Running England’s Country Lanes

In preparation, I mentally practised flattening myself against a box hedge to avoid becoming roadkill

Ah, those famously narrow and twisting English country lanes! At first, I wasn’t sure which would be more nerve-wracking – being driven pell-mell by Roy along them (and no, I don’t have the nerve to drive them myself), or running on them. Sometimes there’s room to jump out of the way of oncoming traffic, as in the picture above, but that’s not always the case. In preparation, I mentally practised flattening myself against a box hedge to avoid becoming roadkill.

So I plucked up the courage one chilly June morning and headed out from Chapel Croft B&B, set in the farmland surrounding the town of Biddulph near Stoke-on-Trent, praying that most of the morning commuters to Congleton or wherever would still be nibbling their egg soldiers and slurping their PG Tips.

This being England’s Peak District, the wind was fresh, to say the least, and the terrain challengingly hilly – a far cry from what has been my standard sweaty run in Singapore’s dead-flat East Coast Park.
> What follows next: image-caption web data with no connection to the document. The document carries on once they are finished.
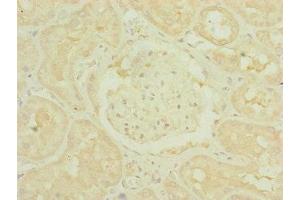Immunohistochemistry of paraffin-embedded human kidney tissue using ABIN7159887 at dilution of 1:100 (TIMM1B (AA 1-103) anticorps)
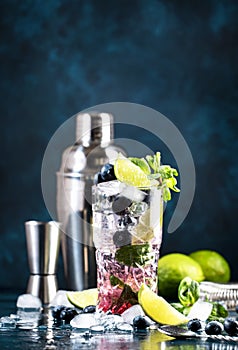 Blueberry Mojito classic alciholic cocktail drink with lime, white rum, soda, cane sugar, mint, and ice in highball glass on deep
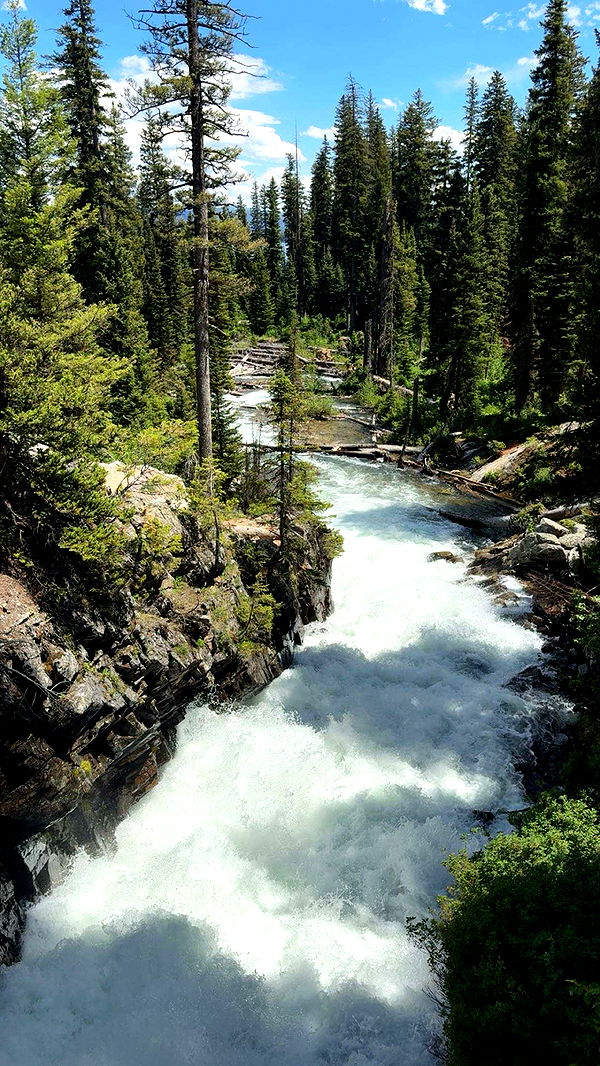 realhaylujan image ~ Altpins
I passed a field full of blanketed horses – a riding school, it seemed – and several beautiful farmsteads, including one with a discreet sign boasting Charollier sheep.

In the end, I had the lanes mostly to myself. There was an uncomfortable moment when two large lorries come head to head on a bend, and I had to stop while they sorted themselves out – clearly all in a day’s work for them.

Back at the B&B, I felt I’d earned my plateful of locally smoked salmon with deep-gold “scrammled eggs” (according to the blackboard special) from landlady Lynn’s own fat and beautiful chickens.

Lane convert

Within the week, I’d braved two more sets of lanes. The first was just beyond Victoria Park, a small industrial suburb of Biddulph, where Piper Boats was putting the finishing touches to our barge, Karanja. (To “snag” the boat, we were spending a somewhat surreal weekend living on board – not afloat, but in the boatbuilder’s big car park – cooking, bathing, washing clothes and so on to test the electrical, water and other systems.)

Trail off Brown Lees Road

Unexpectedly beautiful running trail, directly off semi-industrial Biddulph’s Brown Lees Road

Seems that unless you’re in London, you don’t have to go far in England to find countryside. No more than a kilometre from Piper Boats, down Brown Lees Road, I found a pedestrian and cycling track that took me a couple of miles through idyllic fields and meadows to where the houses started again; or I could turn right off the road for another leafy mile or so to another village green.

And then, a week later, we stayed for a few nights with Roy’s sister, who lives in a horsey part of the Warwickshire countryside. In the ice of winter, you can slide dangerously along the slippery lanes and it’s not much fun to be on foot. This time, though it was beautifully dry, the lushly shaggy trees and hedgerows seemed to shrink the narrow lanes still further.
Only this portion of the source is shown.